Thereafter, the auspicious connections ripened quickly and I requested, and received, the oral transmission and permission to translate Rinpoche’s excellent and accessible Shentong commentary ( ཆེན་པོ་གཞན་སྟོང་གི་ལྟ་བ་དང་འབྲེལ་བའི་ཕྱག་རྒྱ་ཆེན་པོའི་སྨོན་ལམ་གྱི་རྣམ་བཤད་ངེས་དོན་དྱིངས་ཀྱི་རོལ་མོ། Chen po gzhan stong gi lta ba dang ‘brel ba’i phyag rgya chen po’i smon lam gyi rnam bshad nges don dyings kyi rol mo) on the Third Karmapa, Rangjung Dorje’s Mahamudra Aspiration Prayer.
The Karma Kagyu and Nyingma lineage, at the same time as the Jonang, were extremely important advocates and composers of texts on the Shentong view and the Sangye Nyenpa lineage were a key figures in this activity.
The 1st Sangye Nyenpa, Tashi Paljor (1457-1525) was a disciple of His Holiness the 7th Karmapa Choedak Gyatsho and a teacher of the 8th Karmapa Mikyo Dorje. In this way, he became a part of so called “Golden Rosary”, the lineage of Kagyu forefathers. The 8th Karmapa Mikyo Dorje who was not only a Kalacakra master (as I have written about here) but also a Shentong scholar. According to H.H. Dilgo Khyentse Rinpoche, Sangye Nyenpa Tashi Paljor’s “emanation basis” (sprul gzhi) is the future Buddha Maitreya. He is also considered to be an emanation of the Indian master Jnanagarbha (ye shes snying po), one of the teachers of the great translator Marpa. Below is a photo of a sacred statue of the 1st Sangye Nyenpa Rinpoche:
According to Rigpa Wiki:
The picture (see above) shows a precious silver statue of Tashi Paljor that is kept in Tsurphu, the Karmapa’s seat in Central Tibet, known as “the silver statue [that floated] in midair”, (dngul sku bar snang ma). It was made by the 8th Karmapa and is said to have floated in the air for seven days after the Karmapa had consecrated it. It contains some hair, bone fragments, pieces of the clothes and relic pills (ring sel) of Sangye Nyenpa Tashi Paljor and is said to have great blessings and powers. Ven. Benchen Tenga Rinpoche says that often rituals for the sick are performed in front of this statue. If the sick person will live, the eyes of the statue will look upwards into the sky. If the person will die, then the statue’s eyes will look downwards. During the destruction of Tsurphu the statue was saved and buried on the mountain behind the monastery by one of the Tsurphu monks. Decades later, after the Tsurphu monastery was rebuilt, the same monk searched for a long time and eventually found the statue again. It is now enshrined in Tsurphu in a large silver reliquary (ga’u) as one of the most precious relics of the Karma Kagyu lineage.

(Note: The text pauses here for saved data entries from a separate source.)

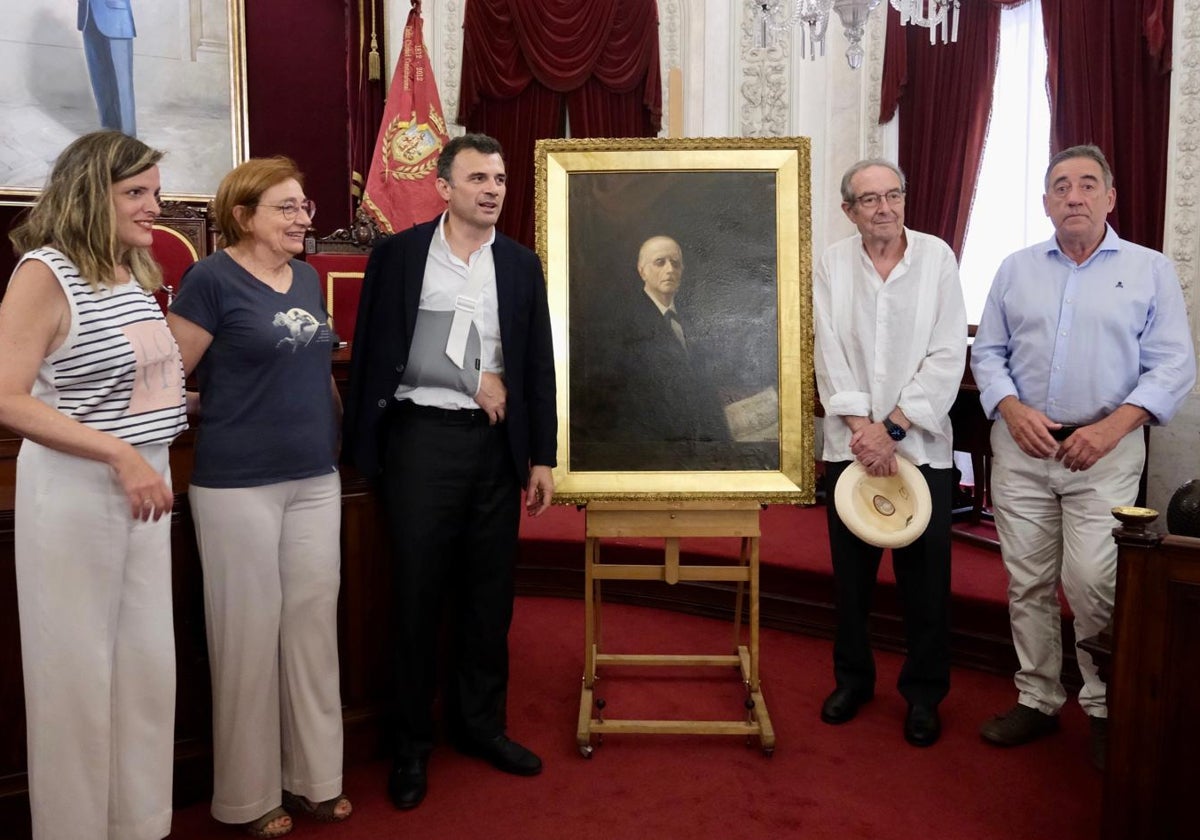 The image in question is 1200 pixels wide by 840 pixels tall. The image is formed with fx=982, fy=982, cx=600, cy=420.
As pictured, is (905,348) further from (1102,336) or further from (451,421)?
(451,421)

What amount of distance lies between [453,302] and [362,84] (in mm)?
3907

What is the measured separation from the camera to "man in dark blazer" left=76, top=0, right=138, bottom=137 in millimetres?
5266

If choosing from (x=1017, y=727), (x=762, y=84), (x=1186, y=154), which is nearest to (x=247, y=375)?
(x=1017, y=727)

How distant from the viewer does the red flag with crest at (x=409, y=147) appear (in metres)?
5.34

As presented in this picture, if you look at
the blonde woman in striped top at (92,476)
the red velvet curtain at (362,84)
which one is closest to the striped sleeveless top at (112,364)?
the blonde woman in striped top at (92,476)

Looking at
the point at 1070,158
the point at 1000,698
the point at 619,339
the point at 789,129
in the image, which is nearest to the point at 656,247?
the point at 619,339

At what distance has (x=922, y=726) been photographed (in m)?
2.97

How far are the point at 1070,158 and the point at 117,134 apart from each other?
2469mm

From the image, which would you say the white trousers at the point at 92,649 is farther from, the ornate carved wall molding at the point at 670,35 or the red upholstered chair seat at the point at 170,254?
the ornate carved wall molding at the point at 670,35

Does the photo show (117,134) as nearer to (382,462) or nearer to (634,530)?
(382,462)

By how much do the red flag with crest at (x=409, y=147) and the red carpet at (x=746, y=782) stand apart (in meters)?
2.86

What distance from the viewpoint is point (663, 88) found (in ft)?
20.6

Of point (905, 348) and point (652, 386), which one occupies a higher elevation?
point (905, 348)

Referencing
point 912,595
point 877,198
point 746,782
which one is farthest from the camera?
point 912,595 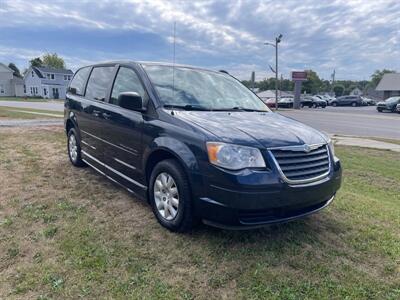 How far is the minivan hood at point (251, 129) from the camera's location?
307cm

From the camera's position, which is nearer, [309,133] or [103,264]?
[103,264]

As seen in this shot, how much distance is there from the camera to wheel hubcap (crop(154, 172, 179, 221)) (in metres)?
3.39

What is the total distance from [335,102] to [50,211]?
54660mm

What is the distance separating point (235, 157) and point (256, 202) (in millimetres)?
433

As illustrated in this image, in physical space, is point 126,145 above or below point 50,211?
above

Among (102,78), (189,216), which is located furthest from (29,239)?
(102,78)

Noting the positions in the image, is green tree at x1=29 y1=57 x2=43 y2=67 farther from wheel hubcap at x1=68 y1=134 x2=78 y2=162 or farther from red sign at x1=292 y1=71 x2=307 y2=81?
wheel hubcap at x1=68 y1=134 x2=78 y2=162

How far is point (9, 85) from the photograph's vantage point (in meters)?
72.8

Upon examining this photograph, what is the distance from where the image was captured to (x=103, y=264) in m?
2.96

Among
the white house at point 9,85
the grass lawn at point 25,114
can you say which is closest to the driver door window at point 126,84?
the grass lawn at point 25,114

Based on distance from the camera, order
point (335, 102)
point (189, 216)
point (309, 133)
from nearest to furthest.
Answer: point (189, 216) → point (309, 133) → point (335, 102)

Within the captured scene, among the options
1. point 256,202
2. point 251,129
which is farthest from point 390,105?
point 256,202

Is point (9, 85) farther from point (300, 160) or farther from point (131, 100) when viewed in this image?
point (300, 160)

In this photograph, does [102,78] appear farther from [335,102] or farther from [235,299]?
[335,102] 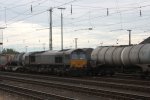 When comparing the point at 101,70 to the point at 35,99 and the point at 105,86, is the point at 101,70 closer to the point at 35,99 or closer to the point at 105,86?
the point at 105,86

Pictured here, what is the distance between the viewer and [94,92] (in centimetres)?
2162

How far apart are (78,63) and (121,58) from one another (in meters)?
4.44

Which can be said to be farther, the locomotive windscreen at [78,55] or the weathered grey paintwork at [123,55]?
the locomotive windscreen at [78,55]

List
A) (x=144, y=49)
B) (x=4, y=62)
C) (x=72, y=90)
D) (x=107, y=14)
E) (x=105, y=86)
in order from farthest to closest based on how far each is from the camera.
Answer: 1. (x=4, y=62)
2. (x=107, y=14)
3. (x=144, y=49)
4. (x=105, y=86)
5. (x=72, y=90)

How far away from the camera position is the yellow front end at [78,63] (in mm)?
38516

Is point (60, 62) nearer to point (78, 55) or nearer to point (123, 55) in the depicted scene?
point (78, 55)

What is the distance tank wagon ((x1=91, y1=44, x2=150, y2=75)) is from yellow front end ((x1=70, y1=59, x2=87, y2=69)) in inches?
60.2

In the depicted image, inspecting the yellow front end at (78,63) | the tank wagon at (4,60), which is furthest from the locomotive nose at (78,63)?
the tank wagon at (4,60)

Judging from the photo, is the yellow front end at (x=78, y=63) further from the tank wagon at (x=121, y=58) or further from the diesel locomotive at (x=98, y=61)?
the tank wagon at (x=121, y=58)

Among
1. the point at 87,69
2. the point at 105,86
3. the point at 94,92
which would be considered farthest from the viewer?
the point at 87,69

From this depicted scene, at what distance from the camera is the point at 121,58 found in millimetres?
37156

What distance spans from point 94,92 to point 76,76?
694 inches

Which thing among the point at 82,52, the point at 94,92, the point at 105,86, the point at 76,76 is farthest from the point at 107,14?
the point at 94,92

Furthermore, the Third Karmapa, Rangjung Dorje, (who wrote the Mahamudra Prayer this commentary is based on) has also been said to be the originator of the Shentong view (and language of Shentong) in Tibet, as opposed to Jonang master, Dolpopa (see ‘The Buddha Within’ by Hookham 1991, for more on that). The eight Tai Situ Rinpoche was also a major Shentong advocate, who also wrote a Shentong commentary on the Mahamudra Aspiration Prayer (ངེས་དོན་ཕྱག་རྒྱ་ཆེན་པོའི་སྨོན་ལམ་གྱི་འགྲེལ་པ་གྲུབ་པ་མཆོག་གི་ཞལ་ལུང། Nges don phyag rgya chen po’i smon lam gyi ‘grel pa grub pa mchog gi zhal lung).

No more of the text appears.